_Exercise_
The material below holds pictures; leave them out and reproduce exactly the lines from the one with "Ojos de mujer" through the one with "Auf dem Festplatz", inclusive.

_Source data_
☆ ☆ ☆ ☆ ☆ ☆ ☆

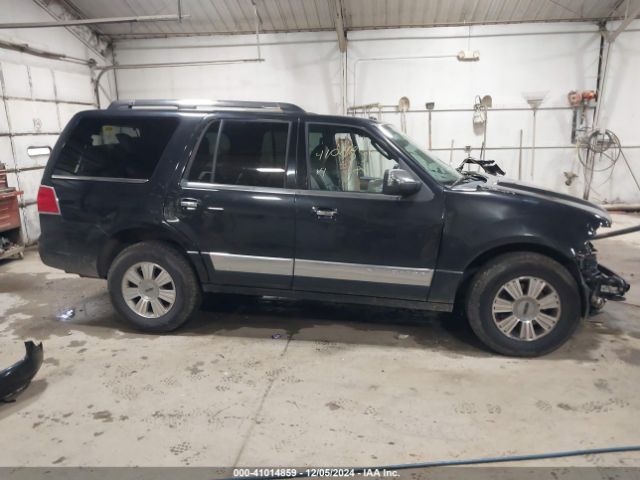 5LMJJ2J56EEL07666 Lincoln Navigator
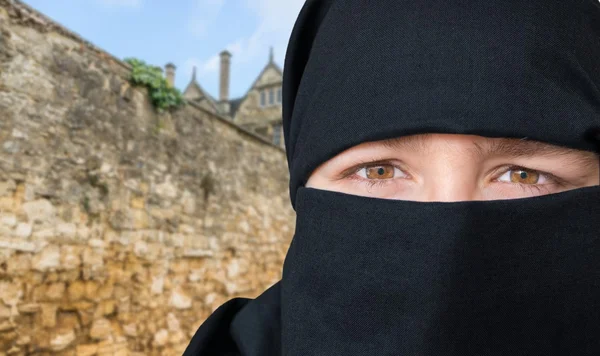 Ojos de mujer joven en pañuelo niqab negro. Concepto de cultura árabe — Foto de Stock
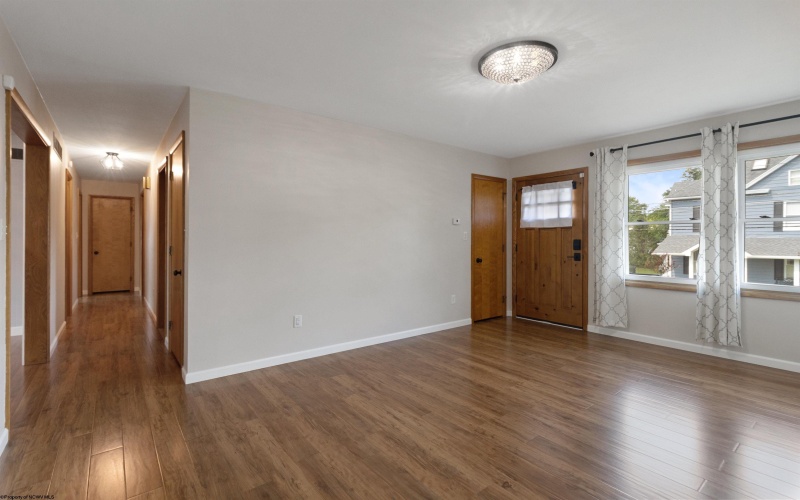 208 Pennsylvania Avenue, Bridgeport, West Virginia 26330-4518, 3 Bedrooms Bedrooms, 7 Rooms Rooms,2 BathroomsBathrooms,Single Family Detached,For Sale,Pennsylvania,10160436
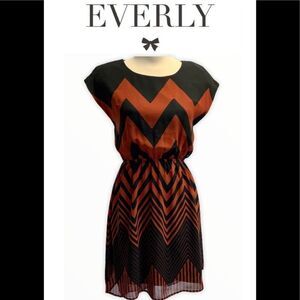 𝅺EVERLY black and rust coloured dress size medium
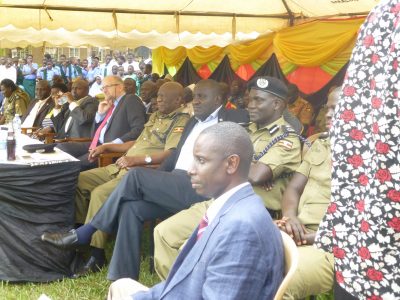 Auf dem Festplatz haben sich viele Interessierte Menschen und Ehrengäste eingefunden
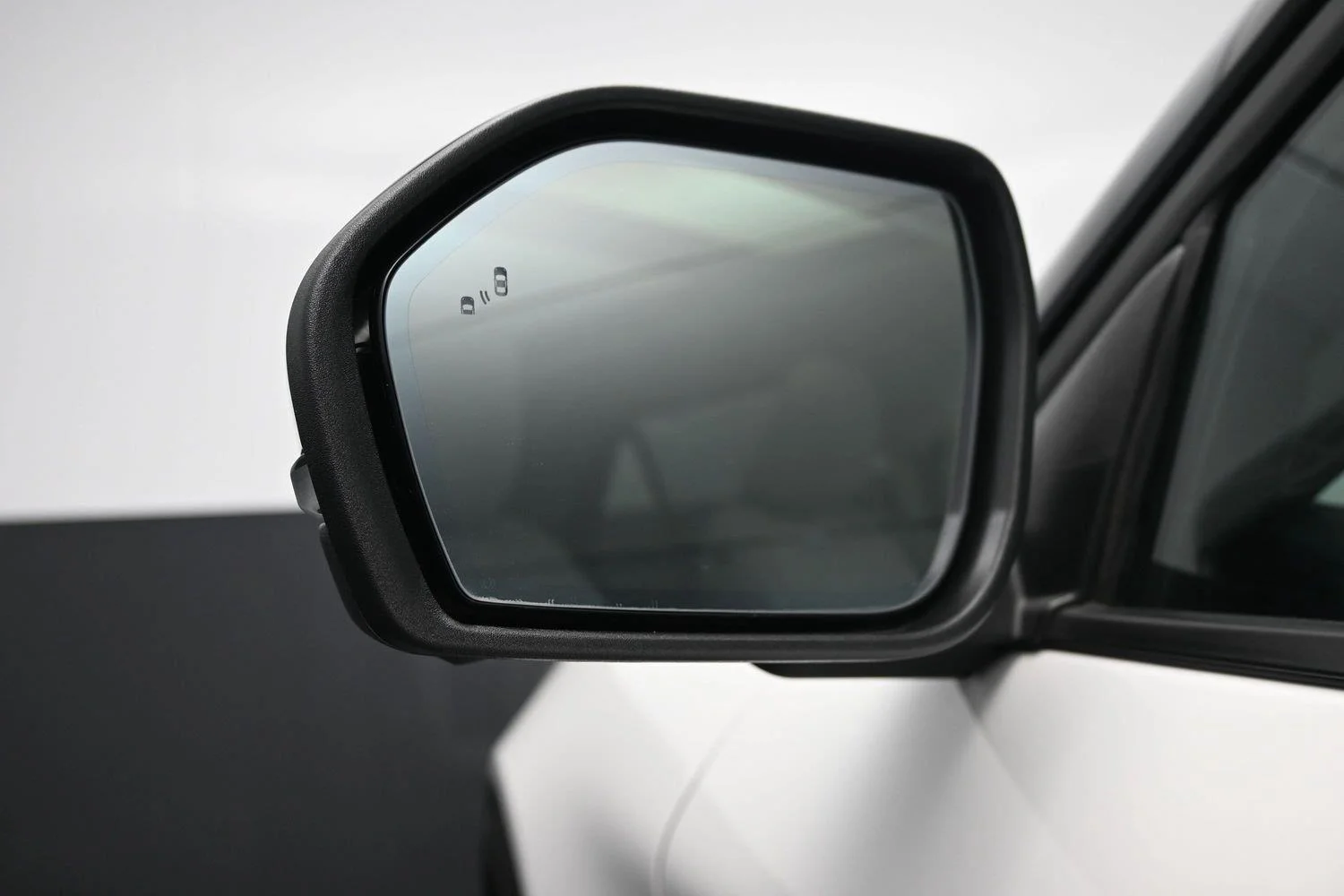 Used 2025 Star White Metallic Tri-Coat FORD Platinum image 19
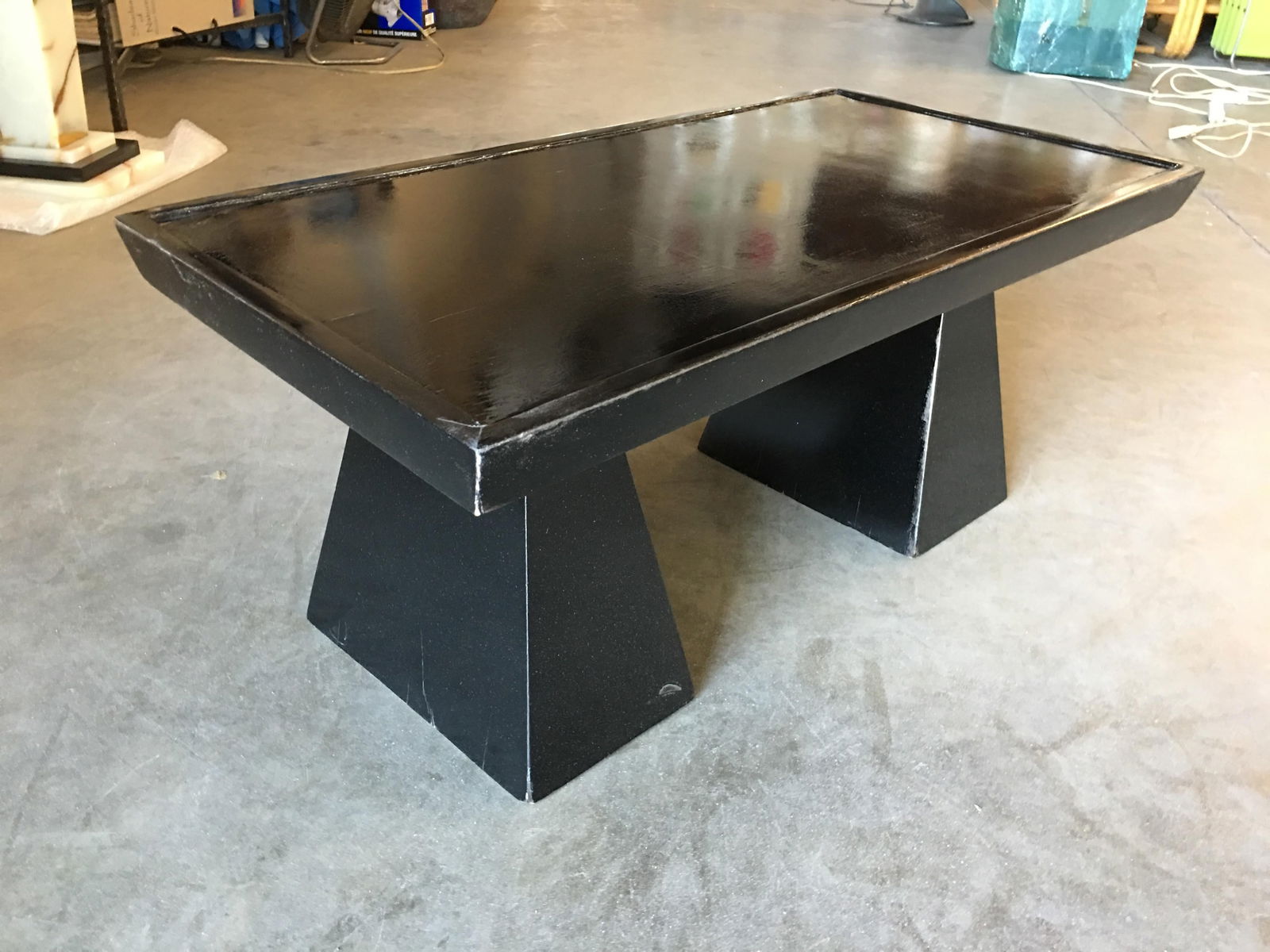 Midcentury Geometric Sculptural Black Lacquer Coffee Table - 18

☆ ☆ ☆ ☆ ☆ ☆ ☆

_Result for this task_
 Ojos de mujer joven en pañuelo niqab negro. Concepto de cultura árabe — Foto de Stock
 208 Pennsylvania Avenue, Bridgeport, West Virginia 26330-4518, 3 Bedrooms Bedrooms, 7 Rooms Rooms,2 BathroomsBathrooms,Single Family Detached,For Sale,Pennsylvania,10160436
 𝅺EVERLY black and rust coloured dress size medium
 Auf dem Festplatz haben sich viele Interessierte Menschen und Ehrengäste eingefunden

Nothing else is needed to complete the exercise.